Do We Need to Re-Think Inflation Expectations?
October 12, 2017 | James Sprow | Blue Vault
One big question that Fed officials and economists generally are grappling with is “What’s happened to inflation?” The standard benchmark that Federal Reserve policy makers have used is an annual consumer price index rising at 2%. The persistence of inflation rates below the 2% target has observers scratching their heads and considering the possibility that fundamental changes in the U.S. economy, and indeed in the world economy, have rendered the 2% expectation obsolete.
In an article in Wired.com, Zachary Karabell states, “The economic truths of the past may or may not be true anymore.” As the economy improves and companies start hiring, unemployment falls and wages are supposed to go up, pushing up prices and increasing inflation. The Federal Reserve has recently been assuming that some economic conditions were simply taking longer to “return to normal.” Both Karabell and members of the Federal Reserve’s Open Market Committee are asking, “What if the stubborn lack of inflation is not just a short-term blip?”
The minutes of the Federal Open Market Committee’s September meeting reveal much discussion and even some disagreement about the long-term trajectory of expected inflation:
“Based on the available data, PCE price inflation over the 12 months ending in August was estimated to be about 1-1/2 percent, remaining below the Committee’s longer-run objective. In their review of the recent data and the outlook for inflation, participants discussed a number of factors that could be contributing to the low readings on consumer prices this year and weighed the extent to which those factors might be transitory or could prove more persistent.”

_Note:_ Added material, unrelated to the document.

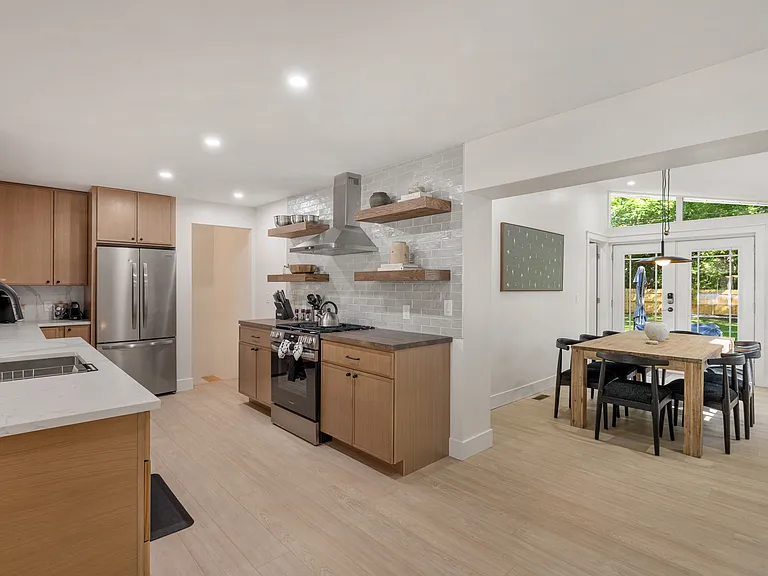 22182 Berg Rd — Photo 8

“Some participants discussed the possibility that secular trends, such as the influence of technological innovations on competition and business pricing, also might have been muting inflationary pressures and could be intensifying. It was noted that other advanced economies were also experiencing low inflation, which might suggest that common global factors could be contributing to persistence of below-target inflation in the United States and abroad.”
For now, the Fed will continue to watch their two key indicators, the unemployment rate and inflation, and they expect economic conditions to “evolve in a manner that would warrant gradual increases in the federal funds rate and that the federal funds rate was likely to remain, for some time, below levels that were expected to prevail in the longer run.”
Clearly, if the fundamental forces that influence the rate of long-term inflation, both in the U.S. and globally, have changed, then the conventional thinking of the Fed and the financial markets may need to adjust to a new reality of lower long-term trends in inflation.